| PROBLEM DETAILS |
Below is a listing; write it out exactly and drop any images from it.
[Opening COLLECTED MATERIAL section]
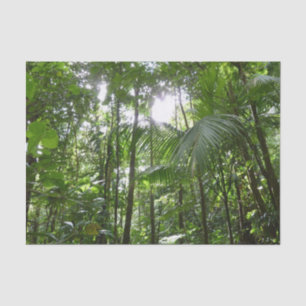 Sunlight Through Rainforest Canopy Tropical Green Tissue Paper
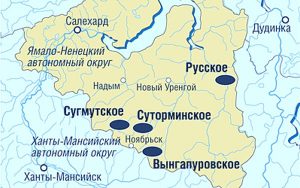 Карта Вынгапуровского месторождения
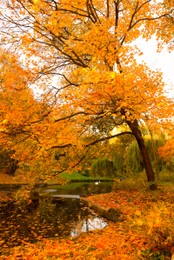Beautiful yellowed trees and lake in park on sunny day Photo of Beautiful yellowed trees and lake in park on sunny day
[Closing COLLECTED MATERIAL section]
| EXERCISE ANSWER |
 Sunlight Through Rainforest Canopy Tropical Green Tissue Paper
 Карта Вынгапуровского месторождения
Beautiful yellowed trees and lake in park on sunny day Photo of Beautiful yellowed trees and lake in park on sunny day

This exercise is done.